After breakfast this morning, my daughter asked me not to buy what has been her favourite brand of gluten free pains au chocolat any more. Apparently, they’ve changed the recipe, and she doesn’t like them any more.
Apart from the minor domestic issues (what to source instead?) this raises a big question in my mind.
For these products – products which are rare, if not unique, and for which the market is small but necessarily very loyal – why not ask for customer feedback, and make it easy to provide?
Without this feedback, the company has no idea why one of its loyal customers has gone, and it is missing out on an opportunity.
Yes, I know that the company no doubt believes the new recipe is an improvement (even if only in production costs not taste) and that there may be new customers gained who do like the new version. But in a relatively small market like this one, every customer counts.
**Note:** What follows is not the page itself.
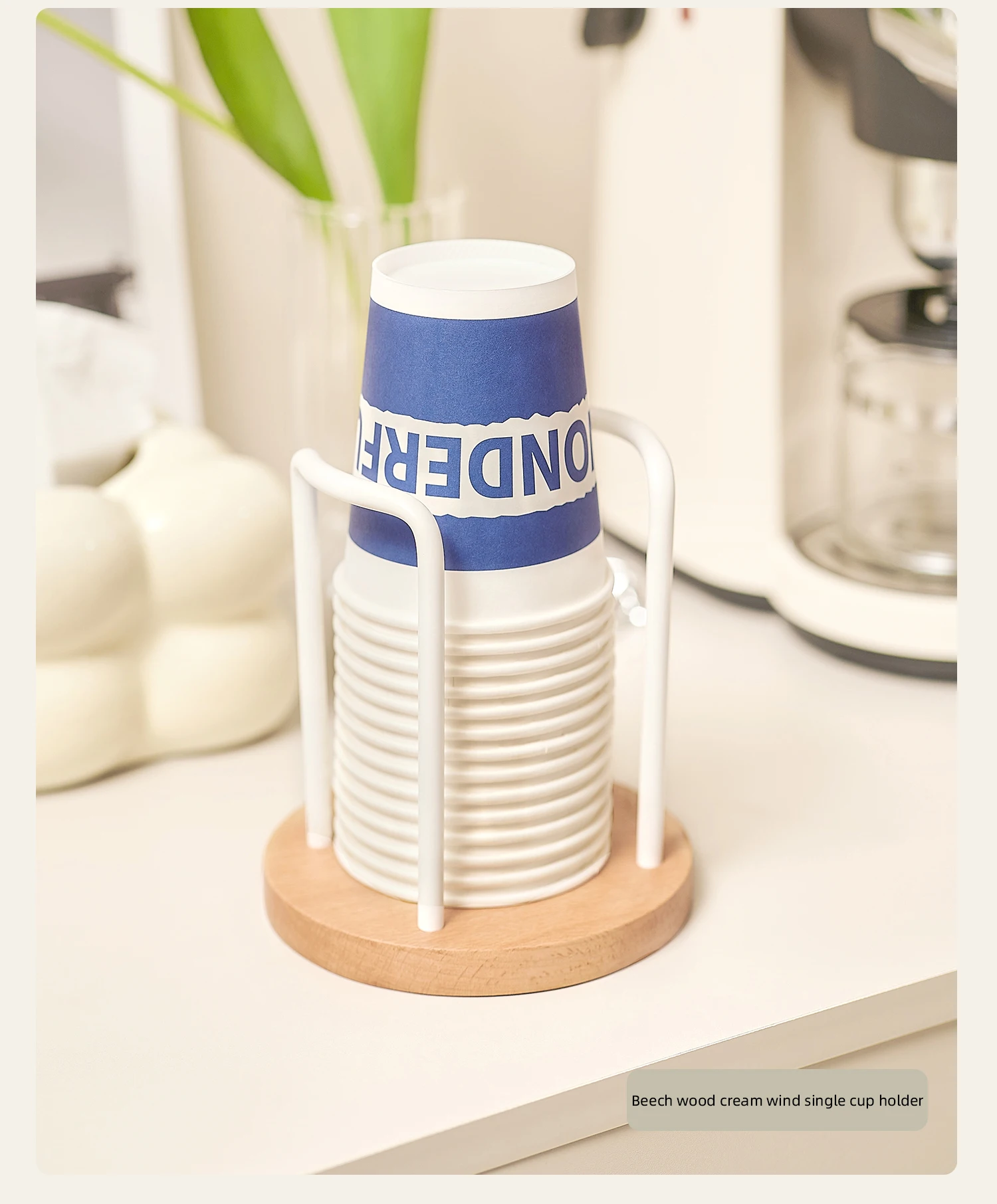 Küche Papier Tasse Halter Einweg Tassen Picker Multifunktionale Desktop Tasse Lagerung Rack Haushalt Kaffee Tasse Halter für Hause – Detail 10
It would be easy to add a feedback blog, or an online survey, so that customers could tell the company what they thought, and perhaps email customers after a recipe change asking for feedback (even better if you can target those who buy that particular product), with a link to the blog/survey.
I saw a different gluten free manufacturer on Twitter this morning, asking people for their opinions on gluten free lunchtime options. It can be done…
Many corporate websites now ask for feedback, usually via a popup survey request – occasionally via a link in a sidebar. Although many people may click the No Thanks button, anyone who feels strongly has the opportunity to respond – and that in itself may assuage some of the irritation felt towards the brand.
What are you doing to get feedback from users when you make a change?